On January 23, 2003, the news broadcast “Monitor” showed an interview with the Munich neuropathologist Prof. Hans Kretschmar who had repeated the tests of the Californian scientists on mice and was also able to detect prions in muscle meat. Prof. Kretschmar called these findings quite worrying, since an infection via muscle meat could not be excluded. (43)

As a consequence of the first known case of BSE in the U.S.A. several scientific articles were published on December 23, 2003 showing that the scientific image of the BSE disease has come into serious doubt. United Press International (UPI) published a long article on the Creutzfeld-Jakob disease (CJD) on December 29, 2003: Until then the classical form of CJD had been assumed not to have anything to do with BSE. Only the so-called variant form of this disease affecting younger people had been connected with infected beef consumption.

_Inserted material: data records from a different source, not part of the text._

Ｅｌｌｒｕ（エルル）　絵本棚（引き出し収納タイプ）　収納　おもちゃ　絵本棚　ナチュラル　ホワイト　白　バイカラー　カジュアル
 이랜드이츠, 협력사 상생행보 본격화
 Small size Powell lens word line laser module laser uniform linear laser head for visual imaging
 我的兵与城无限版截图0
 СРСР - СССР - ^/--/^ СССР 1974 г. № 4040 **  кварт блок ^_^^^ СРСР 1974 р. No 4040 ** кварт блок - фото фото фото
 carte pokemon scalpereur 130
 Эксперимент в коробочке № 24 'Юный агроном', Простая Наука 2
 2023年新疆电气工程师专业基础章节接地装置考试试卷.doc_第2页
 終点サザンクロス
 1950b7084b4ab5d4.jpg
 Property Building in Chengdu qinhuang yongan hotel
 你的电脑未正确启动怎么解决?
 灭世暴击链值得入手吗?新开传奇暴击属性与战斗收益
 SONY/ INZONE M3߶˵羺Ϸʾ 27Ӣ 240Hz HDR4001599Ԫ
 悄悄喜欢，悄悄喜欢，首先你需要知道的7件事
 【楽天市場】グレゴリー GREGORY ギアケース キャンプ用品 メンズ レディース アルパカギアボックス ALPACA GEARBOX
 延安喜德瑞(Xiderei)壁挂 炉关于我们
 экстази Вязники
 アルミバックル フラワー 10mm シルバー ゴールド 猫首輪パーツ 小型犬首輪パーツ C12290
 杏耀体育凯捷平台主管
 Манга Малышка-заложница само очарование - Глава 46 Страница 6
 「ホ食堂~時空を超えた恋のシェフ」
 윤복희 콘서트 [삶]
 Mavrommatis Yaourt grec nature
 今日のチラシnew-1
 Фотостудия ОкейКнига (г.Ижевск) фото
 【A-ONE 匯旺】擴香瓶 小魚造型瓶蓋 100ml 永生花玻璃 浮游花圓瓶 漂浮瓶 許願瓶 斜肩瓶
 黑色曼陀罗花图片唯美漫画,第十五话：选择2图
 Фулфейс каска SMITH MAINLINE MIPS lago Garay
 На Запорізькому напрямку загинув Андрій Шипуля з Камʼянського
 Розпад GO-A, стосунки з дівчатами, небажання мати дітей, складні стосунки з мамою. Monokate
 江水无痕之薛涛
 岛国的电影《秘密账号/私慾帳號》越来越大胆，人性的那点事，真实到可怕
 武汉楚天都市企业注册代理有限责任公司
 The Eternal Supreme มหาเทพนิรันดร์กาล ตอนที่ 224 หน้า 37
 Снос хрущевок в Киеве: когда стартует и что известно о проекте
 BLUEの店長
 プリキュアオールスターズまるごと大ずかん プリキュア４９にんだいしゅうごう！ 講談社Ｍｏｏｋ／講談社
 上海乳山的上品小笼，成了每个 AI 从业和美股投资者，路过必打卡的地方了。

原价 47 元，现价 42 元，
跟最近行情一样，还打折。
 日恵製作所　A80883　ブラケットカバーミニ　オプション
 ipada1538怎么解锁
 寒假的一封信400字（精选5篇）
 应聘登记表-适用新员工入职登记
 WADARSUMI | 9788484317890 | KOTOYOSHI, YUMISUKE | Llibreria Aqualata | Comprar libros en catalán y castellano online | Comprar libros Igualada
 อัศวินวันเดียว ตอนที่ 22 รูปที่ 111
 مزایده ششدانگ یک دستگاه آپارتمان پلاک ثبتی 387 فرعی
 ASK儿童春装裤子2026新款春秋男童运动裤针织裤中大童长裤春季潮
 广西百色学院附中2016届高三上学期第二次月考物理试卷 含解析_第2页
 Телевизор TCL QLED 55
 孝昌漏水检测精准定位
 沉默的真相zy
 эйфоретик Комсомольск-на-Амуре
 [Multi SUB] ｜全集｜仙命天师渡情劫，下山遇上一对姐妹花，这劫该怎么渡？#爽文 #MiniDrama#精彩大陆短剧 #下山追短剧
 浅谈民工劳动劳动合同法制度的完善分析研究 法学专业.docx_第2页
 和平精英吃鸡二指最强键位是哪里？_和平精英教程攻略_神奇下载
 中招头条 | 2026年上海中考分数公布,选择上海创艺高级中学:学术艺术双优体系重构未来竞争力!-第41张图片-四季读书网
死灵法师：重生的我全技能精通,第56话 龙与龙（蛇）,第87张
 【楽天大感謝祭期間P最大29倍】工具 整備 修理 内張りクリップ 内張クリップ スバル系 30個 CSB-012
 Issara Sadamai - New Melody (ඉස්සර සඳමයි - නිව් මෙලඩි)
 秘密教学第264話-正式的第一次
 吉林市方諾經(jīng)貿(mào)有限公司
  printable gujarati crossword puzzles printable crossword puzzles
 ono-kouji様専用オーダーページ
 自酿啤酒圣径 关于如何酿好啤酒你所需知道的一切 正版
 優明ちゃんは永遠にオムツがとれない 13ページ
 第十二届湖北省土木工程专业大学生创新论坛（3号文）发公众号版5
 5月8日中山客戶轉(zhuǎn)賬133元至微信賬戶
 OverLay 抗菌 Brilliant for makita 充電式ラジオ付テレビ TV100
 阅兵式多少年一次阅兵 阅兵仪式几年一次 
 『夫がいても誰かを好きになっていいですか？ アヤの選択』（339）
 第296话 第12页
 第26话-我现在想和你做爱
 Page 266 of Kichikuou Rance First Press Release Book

New research at the University of London has found that an infection with BSE prions can cause the variant as well as the classical form of CJD. In Switzerland numerous cattle have been BSE-infected in the past. The incidence rate of CJD cases has doubled in the last three years. CJD, like Morbus Alzheimer, is among the neurodegenerative diseases which often cannot be clearly distinguished on the basis of the clinical picture. Neuropathologists at several universities in the U.S. conducted autopsy studies on deceased persons who had been diagnosed by specialists as having Morbus Alzheimer when still alive. What makes these results so alarming is that 3 to 13 percent of the cases turned out to be not Morbus Alzheimer, but Creutzfeld-Jacob disease.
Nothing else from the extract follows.